So, have you enjoyed the greatest monthly rally in our lifetimes? Maybe the best defense is a good offense and in its defense, markets have gone on the offensive.

The speed/velocity/percentage movements in the major indices and individual stocks has been record setting and yet has been confusing to Bulls & Bears alike. Most of the news has been Euro-centric as market around the world were awaiting to see if half the worlds banking system would have to declare bankruptcy or be Nationalized. Luckily for us, politicians on both sides of the Atlantic know where their bread is buttered. They know that asset prices hold the key to both inflation and/or deflation and that “saving” even mal-invested capital keeps the game going regardless of the rules or consequences. “Markets By Central Bankers” is not the kind of market that I know, but it is what it is.

The major market indices and commodities had barely corrected the excess unjustified and unsustainable prices set throughout QE1 & QE2 before most except the most perma-bullish became cautious, lightened up from being fully invested and hedged some risk and exposure. We were on the verge of what many believed were markets selling at a discount to historical norms with little regard to the fundamental situation. Apparently any deflation of asset prices are not allowed by Governments, Politicians or Central Bankers.

The “rescue” from falling prices was again greeted with the brute force of promises to create “money” in order to satisfy investors and banks needs to stay solvent regardless of mis and mal investment that cannot be made liquid or even valued. The rules were again changed and the markets were outright manipulated through the monetary policy force of “buying shit” from banks. Plus, under the threat of not “doing what must  be done” in Europe, our Central Bankers blatantly and shamelessly promised QE3. I guess nothing matters in the name of levitating asset prices to keep the banking and financial system happy and solvent.

The equity markets response to this dire situation was to correct about 10% from the highs and holding for several months. Then, when the going got tough, markets corrected another 10% at the end of last month when investors realized that there was no free QE3 presently. But that scared Them and the Jawboning began. Markets moved on every headline, both up and down. And then, like clockwork, someone pulled the switch on October 4th, the second day of the quarter, and concentrated and concerted buying began in earnest in almost every one of the world’s Bourses.

So began the seasonal end-of-the-year clockwork rally based on Euro solvency and what we are told is a pickup in the domestic economy. Remember, the fourth quarter usually packs in two quarters worth of activity, so the slight uptick we’ve had is probably worse than expected. And the Jawboning of Mortgage-Backed buying and more QE has sent traders into the usual Pavlovian frenzy as they attempt to emulate last years QE2 induced gains. In fact the rally is equal to the half dozen or so massive Bear market rallies in 1937-38 and in 1974, both times were at the nadir of economic activity. Have we just reached the lowest point of this cycle?

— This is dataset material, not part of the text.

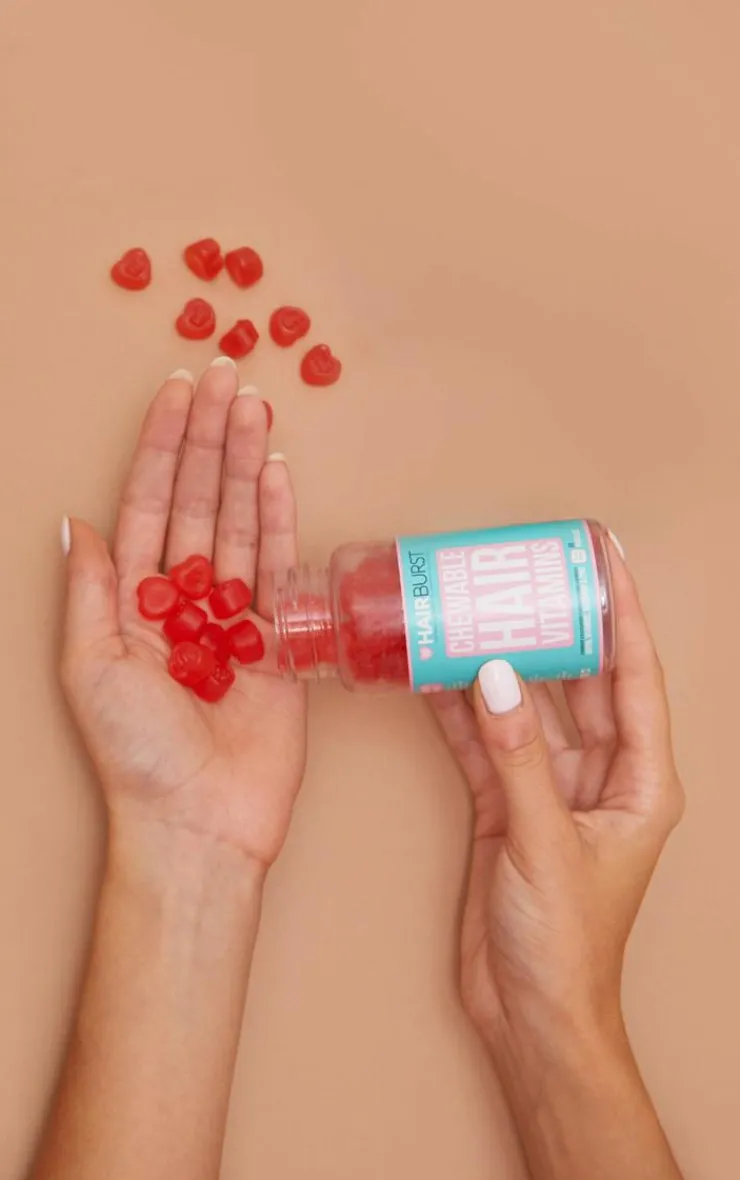 PrettyLittleThing Hair Care*Hairburst Chewable Hair Vitamins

And no, I did not turn bullish even though I had forecast the bottom accurately. I did not foresee the speed and force of the recovery as I was thinking rationally in this circumstance. That was clearly a near-term mistake.

As you know, we live in a time of very speedy market movement. If you blink, you miss. Combine that with the over-reach of HFT and momentum trading and you’ve got a frustrating brew. We’ve agressively reached levels where technical types get excited and follow the bullish cabal. But by moving in the way it has, it is working very hard, perhaps too hard, to mask the reality of near insolvency for an entire continents worth of banks and what looks like a worldwide long-term economic morass.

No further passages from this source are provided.